Dal Covid usciremo con la scienza e il vaccino. Ce lo sentiamo dire da tempo e in tanti ci abbiamo creduto. Poi sono arrivate le varianti e ci è stato spiegato che ogni virus ne può avere molteplici, per cui sarà necessario attendere ancora un bel po’ per liberarci dalla pandemia. Ciononostante, abbiamo continuato a credere che ne usciremo ugualmente: con la scienza, il vaccino, i comportamenti responsabili. E con la speranza, che in molti casi salva le nostre vite.

Poi c’è anche chi non ci crede o fa prevalere la paura per gli effetti collaterali sulla fiducia nelle ragioni illustrate da virologi, immunologi e specialisti vari. Comunque sia, hanno deciso di non vaccinarsi o di attendere ancora un po’ prima di fare il grande passo.

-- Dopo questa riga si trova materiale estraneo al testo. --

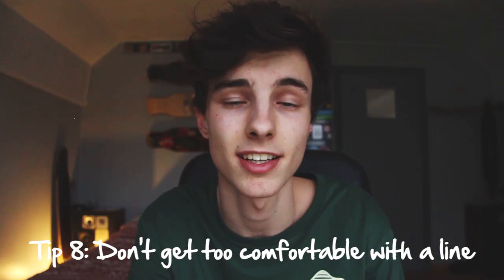Tip number eight is don't get too comfortable with a step or a dance line. I see a lot of people — and I do this myself — just get comfortable with one step and do it over and over again. I had a period where I always did the same combination of steps when I went out, and I wasn't actually learning anything new; it was becoming boring and monotone. I had to constantly remind myself to stop and try something else. That way you can make your dancing look more diverse, and it will look better with all kinds of combinations. The first time someone sees a combination it looks cool, but if you do it over and over they'll just get used to it.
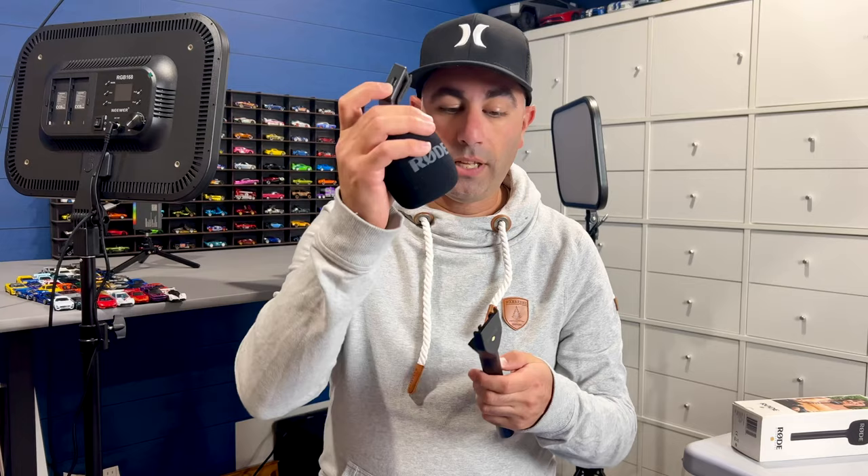So we're gonna take the little fuzzy top off. We're gonna take the microphone. We'll put the microphone just in right there, and then we'll put our fuzzy top right back on. And there we go.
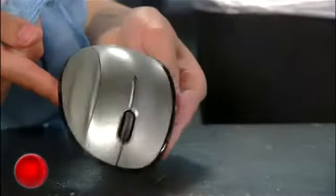Disinfect your mouse every day and try to do this whole routine once a week, even if it means setting an alarm to remind yourself.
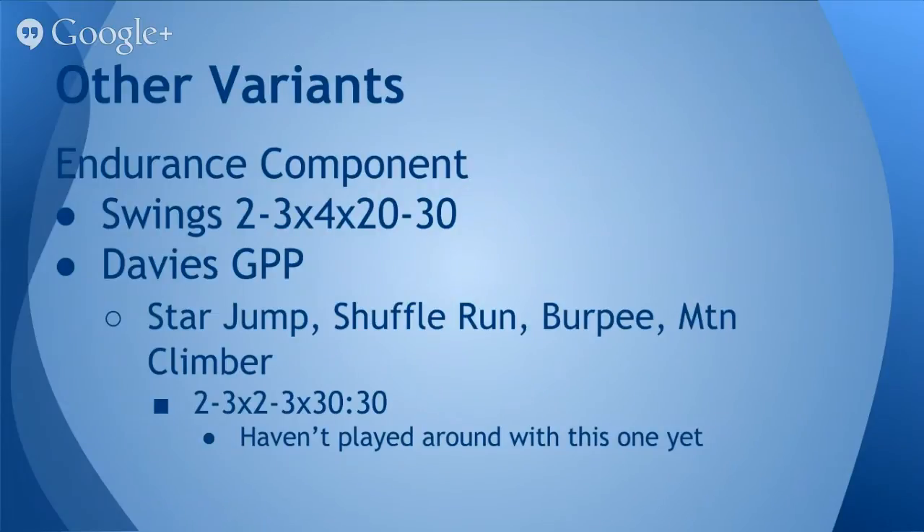There are other options available. I've also used double kettlebell swings for two to three series of four sets of 20 to 30 repetitions. You could also do something like the Davies-style GPP circuit — a star jump, shuffle run, burpee, mountain climber — two to three series, two to three sets of 30 seconds on, 30 seconds off. Do your star jumps for 30 seconds, rest for 30, shuffle run for 30, rest for 30, burpees for 30, rest for 30, mountain climbers for 30, rest for 30. Repeat that circuit one to two more times, take a five to eight minute rest interval, and perform one to two more series. I haven't played around with this one yet, but I think it would definitely be an effective method.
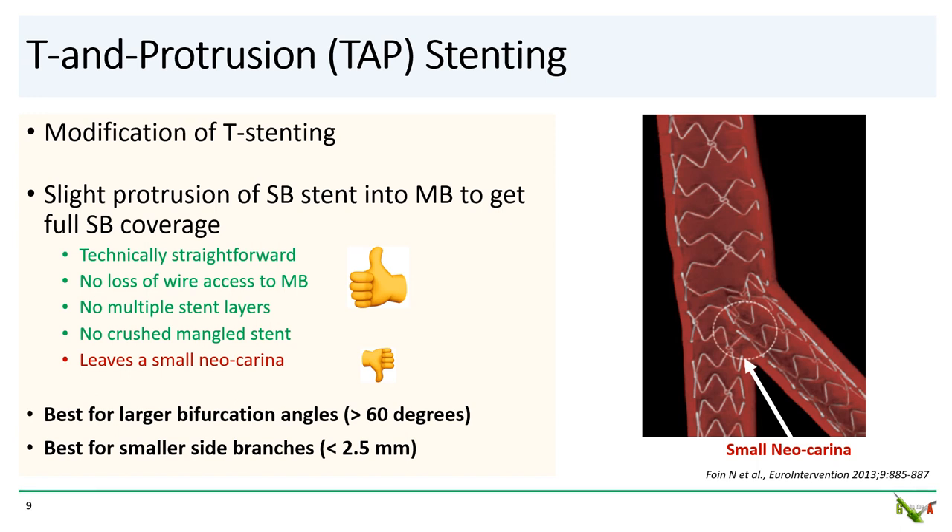And then there is T and protrusion, or TAP. TAP is a modification of T-stenting where the side branch stent is placed protruding just slightly into the main branch so that the side branch ostium can be covered. The technique is almost as straightforward as T-stenting and does not result in loss of wire access to the main branch, and does not leave behind multiple stent layers or crush mangled stents. However, there is a small neocarina, which is minimized for larger bifurcation angles greater than 60 degrees and a smaller side branch of less than 2.5 millimeters.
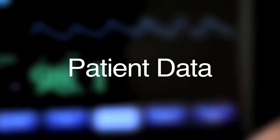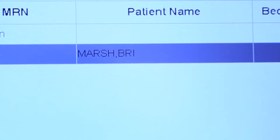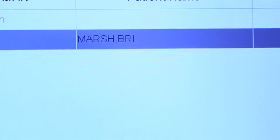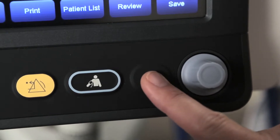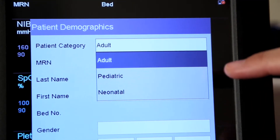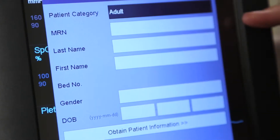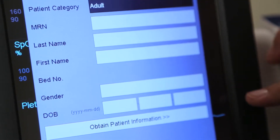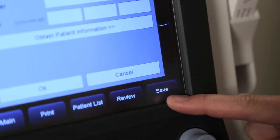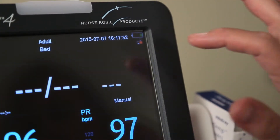Rosie 4 allows you several ways to admit a patient: select their name from a list through EMR connectivity, scan their barcode, or manually enter the patient information. Today we will demonstrate how to manually enter a patient. Press the patient hard key to access the patient demographics menu. Enter the patient's category — adult, pediatric, or obstetrics — medical record number (MRN), last and first name, bed number, gender, and date of birth. Select the save soft key to manually save patient information and select the X to save the configuration and exit the menu.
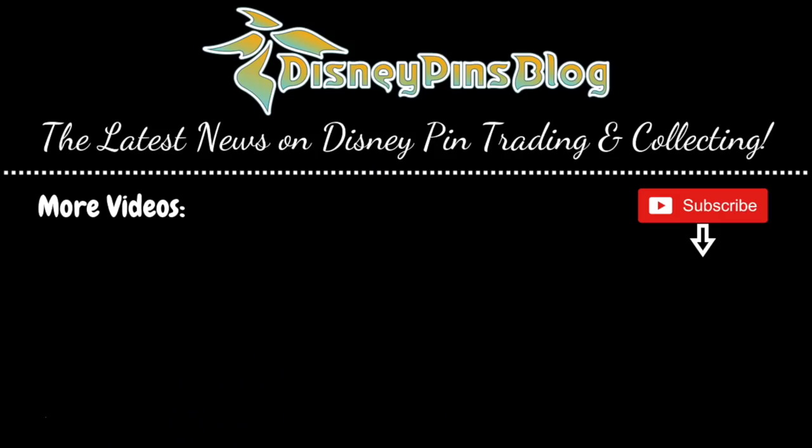Alright, thanks for watching that mini pin unboxing and my Disney pin mail video. I'll be back soon with another pin video. Thanks for watching everyone. See ya!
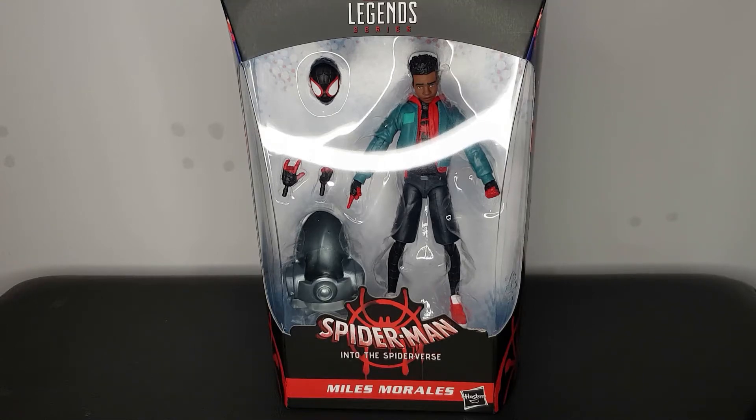Hey guys, what is up? Plastic Guy here coming with another figure review and today we're taking a look at the Spider-Man Into the Spider-Verse Miles Morales Marvel Legends figure. I am so happy I finally got this — I pre-ordered this figure ages ago when it first got announced and I've been waiting ever since. I love the film, I love the character and it looks like I'm gonna love this figure.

In queste settimane, con l’istituzione del green pass, questi due fronti (definiti in maniera un po’ superficiale pro vax e no vax) sono entrati sempre più in conflitto, accusandosi vicendevolmente. I sostenitori della bontà del vaccino affermano che la risalita dei contagi è colpa del fondamentalismo dei no vax (accusa, peraltro, non del tutto infondata) e in ragione di ciò lanciano improperi e anatemi di ogni sorta, auspicano l’obbligo vaccinale e la rinuncia al servizio sanitario pubblico per chi non intende inocularsi Pfizer, Moderna, Astazeneca o Johnson, Naturalmente, questo approccio è servito solo ad alimentare l’ulteriore irrigidimento di chi non vuole vaccinarsi e che per tutta risposta cita Tarro o Montagnier ad ogni conversazione e denuncia lo stato di dittatura sanitaria in cui ci troveremmo. Poi ci sono le frange più estreme secondo cui nel vaccino ci sarebbero, nell’ordine: solo acqua (e quindi sarebbe sostanzialmente inutile); microchip per il controllo sociale fabbricati da Bill Gates; cellule embrionali provenienti da feti abortiti (da qui il boicottaggio delle frange del cattolicesimo conservatore); sostanze che comprometterebbero la fertilità maschile, favorendo l’estinzione della specie.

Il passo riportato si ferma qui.